Wednesday, July 28, 2010


My thoughts are with Kate, over at A Year with Horses. She had to say good-bye to her 30-year old quarter horse, Noble. He was an amazing horse. RIP, Noble.

Monday, July 26, 2010

Update on those Fargin Bastages!

Well, it's official. My BO's mother says it is the worst year for flies that she can remember in her 40 years of living on the property and caring for horses.

Thanks everyone for your suggestions. I am endeavouring to keep a fly mask on Gem and have asked the barn helpers to make sure he has one on when he's turned out. I will further research some of the products suggested (I am particularly curious about the predators). For those of you that indicated interest in Breathe's suggestion of vanilla, I found a very simple recipe on line at

Pour one bottle of sugarless vanilla extract in to an empty spray bottle. Take your now empty vanilla bottle and fill it up with water. Pour the water in to the spray bottle and mix by shaking. Spray on your horse's coat. It is important that you do not use vanilla that contains sugar, as this will attract insects.

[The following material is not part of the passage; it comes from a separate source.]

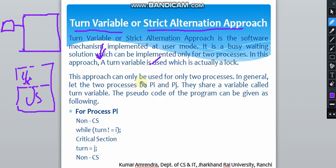This approach can only be used for two processes — boy and girl, similar to that example. In general, let the two processes be Pi and Pj. They share a variable called the turn variable, which is used to lock the resources or lock the process.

You can actually include a little bit of Skin So Soft in the mixture if you so desire.

On the same site, I found this recipe:

Pour 16 ounces of vodka in your empty spray bottle. Add 1/2 ounce of citronella oil, 1/4 ounce of lavender oil, 0.15 (3/20) ounces of tea tree oil, and 16 ounces of jojoba oil. Mix well. Spray on the horse, being careful not to get any in the horse's eyes.

Hmmm, would I want my horse to smell like fresh baked goods or a vodka soda??? Well, to be perfectly honest, I wouldn't be spraying my horse with 16 oz. of vodka - I would be drinking it!!! So, I guess my gentle giant will be smelling like a cupcake shortly. :-)

What was I thinking....?

Monday, July 19, 2010

Fargin Bastages!

The heat has really taken its toll. It's like every living thing is deflated and working in slow motion. The heat has also brought out the horse and bot flies. Holy crap. I called Gem in the other day (yes, he came!) and I could HEAR the buzzing well before he got to me. When I was haltering him, one flew into my eyeball - eewwwww! He is covered in bumps and his eyes are quite irritated (a fly mask helps, but sometimes it's just too hot to wear one). I use spray on Gem, but it only gives him a reprieve of about 15 minutes.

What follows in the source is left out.